From the physically and mentally taxing sport of chess boxing to the psychological battlefield that is the rock-paper-scissors championship, to the underground world of illegal jart throwing, to several competitions that involve nudity, Reilly, in his valiant quest, subjected himself to both bodily danger and abject humiliation (or, in the case of ferret legging, both).

These fringe sports offer their participants a chance to earn a few bucks and achieve the eternal glory that is winning-even when the victory in question might strike some as pointless, like the ability to sit in an oven-hot sauna for the longest time. It's debatable whether these sports push the body or just human idiocy to the outermost limits, but one thing is for sure: Sports in Hell is laugh-out-loud hilarious and will deliver plenty of unabashed fun.

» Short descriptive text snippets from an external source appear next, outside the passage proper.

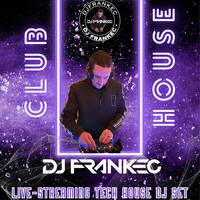 The Clubhouse by DJ FrankEC. House,Tech House (8-18-26) by DJ FrankEC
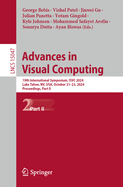 Advances in Visual Computing: 19th International Symposium, ISVC 2024, Lake Tahoe, NV, USA, October 21-23, 2024, Proceedings, Part I
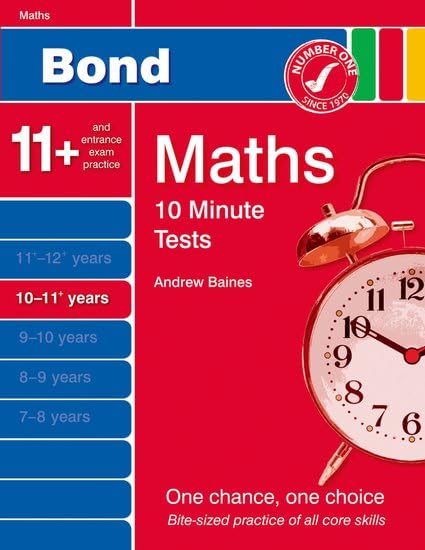 Bond 10 Minute Tests Maths: 10-11 Years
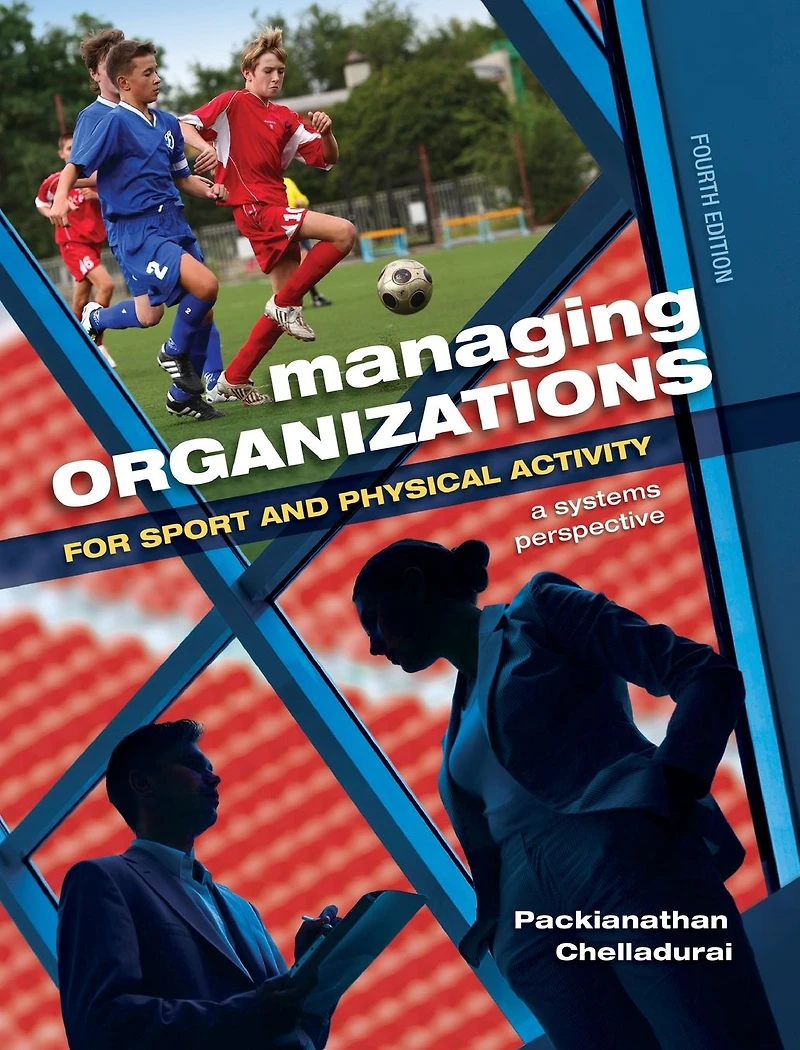 Managing Organizations for Sport and Physical Activity: A Systems Perspective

LOLs and unabashed fun and crotch ferrets. Rick Reilly's journalism is now basically a nutpunch and a few cathode rays removed from an episode of America's Funniest Home Videos.

* * * * * *

Thanks for your continued support of Deadspin and stunt author chats. I hope you all enjoyed today's visit from shit-pissing prose stylist Buzz Bissinger. The man unwrapped himself from the mantle of W.C. Heinz long enough to yell at you in the comments. Be grateful. Petchesky's here later.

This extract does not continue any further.